Kurt Vonnegut Biography
Kurt Vonnegut was born on November 11, 1922, in Indianapolis where he grew up. He went to Cornell University but left it in 1943 to enlist himself in the US Army. He studied mechanical engineering at the Carnegie Institute of Technology (now Carnegie Mellon University) and the University of Tennessee as a part of his military training. After his training, to fight World War II, he was deployed by the US Army to Europe. During this time, he was captured by the German Army in the Battle of the Bulge and became a prisoner of war. He was interned in a meat locker of a slaughterhouse in Dresden when the Allied bombing occurred, which he survived. After the war, he married Jane Marie Cox, with whom he attended University of Chicago while working for the City News Bureau.
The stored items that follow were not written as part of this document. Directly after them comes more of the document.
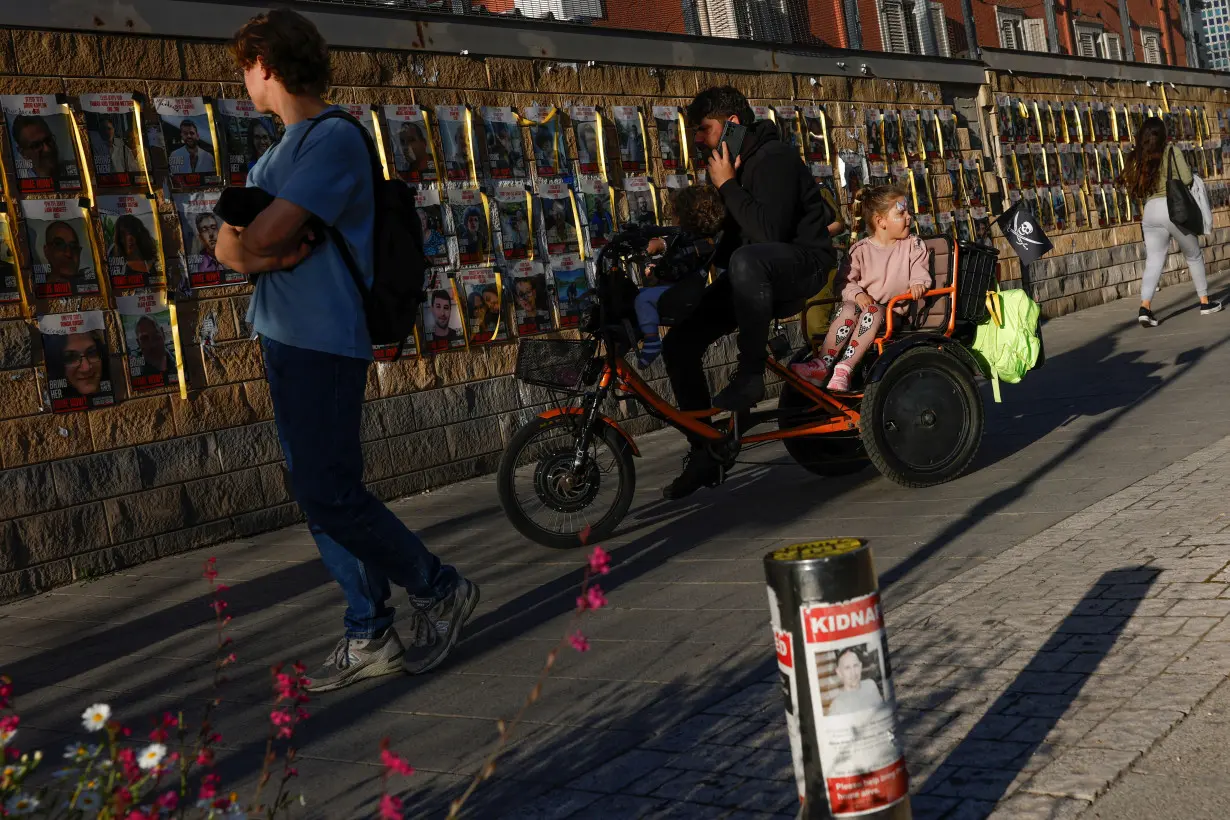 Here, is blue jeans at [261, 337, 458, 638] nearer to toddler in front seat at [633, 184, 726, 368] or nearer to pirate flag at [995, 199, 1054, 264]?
toddler in front seat at [633, 184, 726, 368]

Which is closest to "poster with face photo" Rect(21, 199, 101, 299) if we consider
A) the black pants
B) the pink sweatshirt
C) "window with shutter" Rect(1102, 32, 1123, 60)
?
the black pants

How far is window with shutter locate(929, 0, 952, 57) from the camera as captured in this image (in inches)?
690

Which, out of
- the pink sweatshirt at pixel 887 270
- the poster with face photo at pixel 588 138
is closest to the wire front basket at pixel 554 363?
the pink sweatshirt at pixel 887 270

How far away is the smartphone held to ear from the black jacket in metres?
0.03

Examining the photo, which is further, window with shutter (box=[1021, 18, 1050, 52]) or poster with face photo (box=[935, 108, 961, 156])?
window with shutter (box=[1021, 18, 1050, 52])

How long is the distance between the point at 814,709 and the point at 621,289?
4.13m

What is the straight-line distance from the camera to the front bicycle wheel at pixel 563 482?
6652 millimetres

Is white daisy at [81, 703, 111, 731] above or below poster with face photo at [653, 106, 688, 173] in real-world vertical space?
below

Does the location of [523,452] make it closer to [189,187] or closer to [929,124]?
[189,187]

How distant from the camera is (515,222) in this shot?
10547 mm

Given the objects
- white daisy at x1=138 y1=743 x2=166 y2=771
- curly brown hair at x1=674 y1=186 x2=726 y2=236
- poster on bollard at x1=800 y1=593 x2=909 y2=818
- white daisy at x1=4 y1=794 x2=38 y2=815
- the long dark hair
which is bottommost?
poster on bollard at x1=800 y1=593 x2=909 y2=818

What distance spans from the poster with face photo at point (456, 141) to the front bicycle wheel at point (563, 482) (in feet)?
12.8

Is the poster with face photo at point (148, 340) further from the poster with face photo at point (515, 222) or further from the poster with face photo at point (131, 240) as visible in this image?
the poster with face photo at point (515, 222)

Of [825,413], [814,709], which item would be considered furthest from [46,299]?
[814,709] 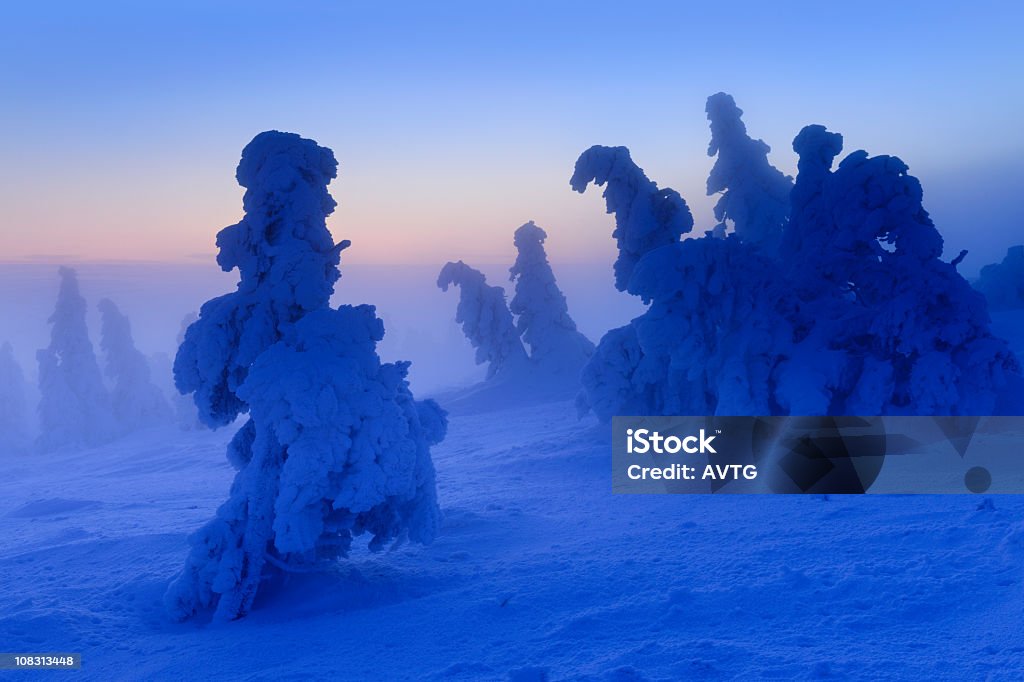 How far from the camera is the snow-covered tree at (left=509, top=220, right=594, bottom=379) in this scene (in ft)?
117

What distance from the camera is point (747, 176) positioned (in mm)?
26234

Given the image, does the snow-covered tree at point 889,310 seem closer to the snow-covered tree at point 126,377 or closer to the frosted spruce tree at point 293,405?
the frosted spruce tree at point 293,405

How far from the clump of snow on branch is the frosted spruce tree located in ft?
23.9

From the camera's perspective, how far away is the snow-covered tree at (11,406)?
150 ft

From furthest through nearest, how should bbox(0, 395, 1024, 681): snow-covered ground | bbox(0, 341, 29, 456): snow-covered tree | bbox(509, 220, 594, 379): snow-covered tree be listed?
1. bbox(0, 341, 29, 456): snow-covered tree
2. bbox(509, 220, 594, 379): snow-covered tree
3. bbox(0, 395, 1024, 681): snow-covered ground

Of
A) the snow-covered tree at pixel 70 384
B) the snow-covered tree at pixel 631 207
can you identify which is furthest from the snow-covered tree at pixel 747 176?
the snow-covered tree at pixel 70 384

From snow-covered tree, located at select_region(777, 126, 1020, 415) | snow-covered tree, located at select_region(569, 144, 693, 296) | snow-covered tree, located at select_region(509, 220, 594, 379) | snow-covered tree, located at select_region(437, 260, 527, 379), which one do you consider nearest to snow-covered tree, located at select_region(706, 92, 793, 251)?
snow-covered tree, located at select_region(569, 144, 693, 296)

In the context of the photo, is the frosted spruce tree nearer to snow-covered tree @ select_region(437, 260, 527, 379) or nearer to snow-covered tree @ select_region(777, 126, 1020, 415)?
snow-covered tree @ select_region(777, 126, 1020, 415)

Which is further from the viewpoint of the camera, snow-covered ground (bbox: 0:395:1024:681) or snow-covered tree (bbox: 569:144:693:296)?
snow-covered tree (bbox: 569:144:693:296)

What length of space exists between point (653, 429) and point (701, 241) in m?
4.62

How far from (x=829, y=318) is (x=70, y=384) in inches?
1656

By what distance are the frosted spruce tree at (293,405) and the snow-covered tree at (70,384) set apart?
119ft

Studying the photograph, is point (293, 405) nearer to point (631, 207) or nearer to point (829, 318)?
point (829, 318)

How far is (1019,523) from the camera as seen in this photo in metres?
8.91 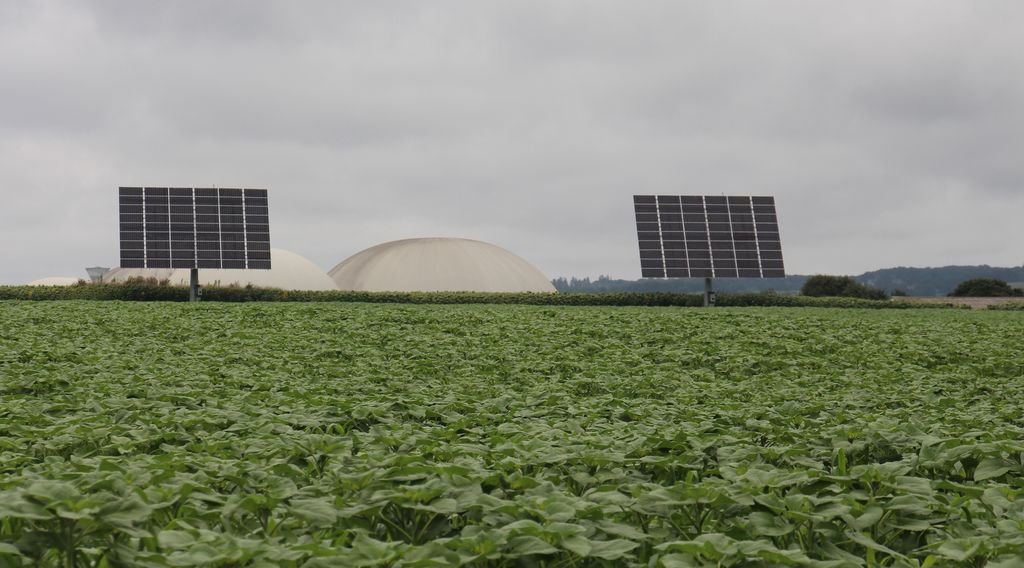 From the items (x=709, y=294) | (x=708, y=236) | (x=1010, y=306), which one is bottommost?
(x=1010, y=306)

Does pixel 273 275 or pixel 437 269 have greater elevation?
pixel 437 269

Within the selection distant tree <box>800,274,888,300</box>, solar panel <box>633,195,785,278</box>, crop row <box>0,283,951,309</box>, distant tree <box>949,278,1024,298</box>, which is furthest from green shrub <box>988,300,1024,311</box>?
distant tree <box>949,278,1024,298</box>

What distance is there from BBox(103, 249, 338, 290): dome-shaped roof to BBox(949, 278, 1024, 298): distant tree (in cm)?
4392

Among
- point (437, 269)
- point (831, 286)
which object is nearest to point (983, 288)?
point (831, 286)

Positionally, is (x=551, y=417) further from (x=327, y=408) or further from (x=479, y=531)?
(x=479, y=531)

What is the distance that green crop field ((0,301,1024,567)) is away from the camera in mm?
2916

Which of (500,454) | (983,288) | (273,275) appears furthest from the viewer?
(983,288)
During his career that spanned over 50 years, Vonnegut published 14 novels, three short-story collections, five plays and five nonfiction works. Many other collections of his were published after his death on April 11, 2007. Vonnegut published his first novel, Player Piano, in 1952. Although the novel received positive reception, it was not a commercial success. It was the sixth novel, Slaughterhouse-Five, published in 1969, that rocketed Vonnegut to fame and recognition. The novel resonated with the readers’ despair of the ongoing Vietnam War. Vonnegut became the face of anti-war movements in the US and was invited to deliver lectures and speeches at various political events and rallies. He stopped writing novels altogether in 1971 but with the publication of several satirical books, including Jailbird (1979), Deadeye Dick (1982), Galápagos (1985), Bluebeard (1987) and Hocus Pocus (1990), he regained his popularity.